The Commodities Feed: Nickel spreads weaken
Your daily roundup of commodity news and ING views
LME nickel spreads weaken
Energy
OPEC cuts & Saudi Aramco IPO: Oil prices bounced higher yesterday after Reuters reported that OPEC+ is considering making deeper cuts into 2020, with worries over slowing demand growth. However, the first aim will be to get other OPEC members who are not complying with the deal to do so. Any decision on deeper cuts will likely only be made at the OPEC meeting in early December, and so expect plenty of noise between now and then. The news yesterday did see a bounce
The key issue for OPEC+ is who would be willing to cut output even more. The group and its allies under the current deal agreed to cut output by 1.2MMbbls/d, and it will be a struggle to get members to cut a significant amount more, particularly if you have some members who are not pulling their weight when it comes to cuts. Saudi Arabia so far this year has carried the deal, cutting by significantly more than agreed, and looking forward one would expect again that the Saudis will be the ones who have to make the bulk of the cuts. However, with reports that Saudi Aramco is looking at an IPO still this year, this does possibly mean that their desire to support oil prices may not be as strong post IPO.

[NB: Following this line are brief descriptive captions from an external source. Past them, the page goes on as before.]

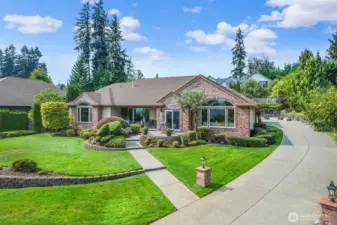 Private driveway to huge 3 car garage. And grand paved parking area for a motorhome with dedicated power.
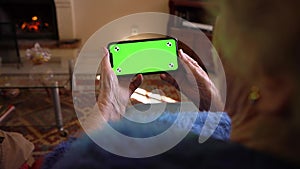 Old woman at home using a mobile phone with green screen. Mockup device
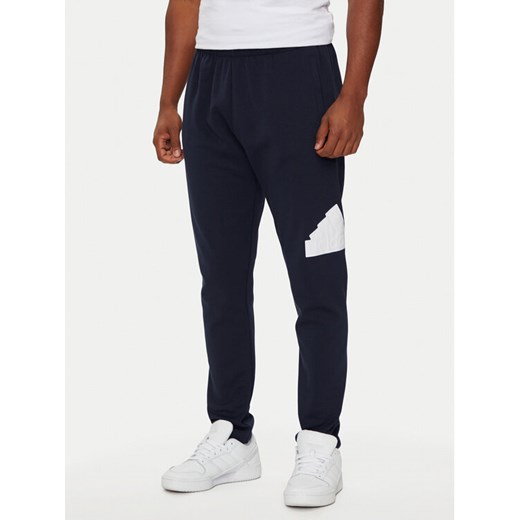 adidas Spodnie dresowe Future Icons Badge of Sport IW8584 Granatowy Regular Fit ze sklepu MODIVO w kategorii Spodnie męskie - zdjęcie 182747450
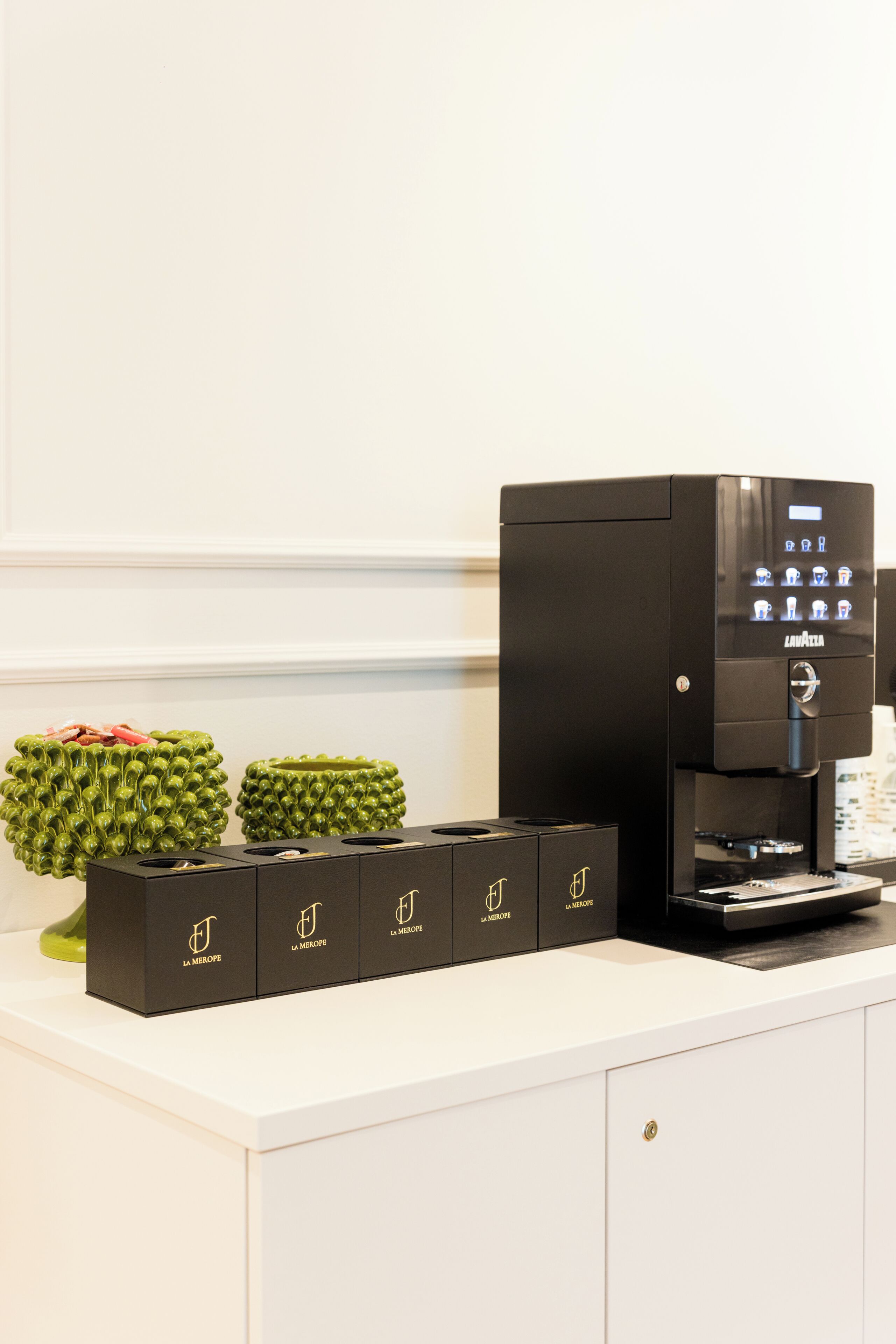 A coffee machine, four black boxes with a logo, and two green decorative items on a white counter.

US crude oil inventories: The API reported yesterday that US crude oil inventories increased by 4.45MMbbls over the last week, which was more than the 3MMbbls increase that the market was expecting. Meanwhile, on the products side, gasoline and distillate fuel oil inventories decreased by 702Mbbls and 3.49MMbbls respectively. The draws in distillates should continue to provide support to middle distillate cracks, with US inventories now some distance below the 5-year average. The more widely followed EIA report will be released later today, and a crude build similar to the API could put immediate renewed pressure on the crude market.
Metals
Nickel balance: In its latest forecasts, the INSG has revised lower its supply deficit estimate for nickel to 79kt in 2019, compared to their previous forecast in May of 84kt. Global primary nickel production is estimated to rise by 8.52% YoY to 2.37mt in 2019, while primary usage is expected to pick-up by 5.2% YoY to 2.45mt for the current year. There is more uncertainty as we move into 2020, but with the Indonesian ore ban brought forward to January 2020, expectations would be for a decline in mine supply. Meanwhile, the LME Nickel cash/3m spread shifted to a contango of US$9/t yesterday, compared to a backwardation of more than US$200/t at the start of this month. The recent weakness in the spread is more in line with the weak physical market, driven largely by the stainless steel market.
ILZSG market balance: Latest data from the ILZSG shows that the global zinc market deficit shrank to 119kt during the first eight months of the year, compared to a deficit of 134kt in 1H19, and a deficit of 219kt during the same time period last year. The shrinking deficit is largely driven by increased Chinese output, driven by healthy treatment charge. The lead market remained in a deficit of 31.3kt in August, while the YTD deficit of 48kt during Jan-Aug 2019, is quite a bit higher than the 11kt deficit seen over the same period last year.
Agriculture
Further soybean buying: Soybean prices continued to strengthen yesterday, and this strength has continued this morning, with media reports that the Chinese government has provided further tariff waivers to importers of US soybeans. The waivers this time around amount to 10mt, and Chinese buyers have already purchased at least 3 cargoes so far as a result. If these full waivers are used, along with previous waivers, US soybean export sales to China should easily exceed the 13.37mt exports in the previous marketing year.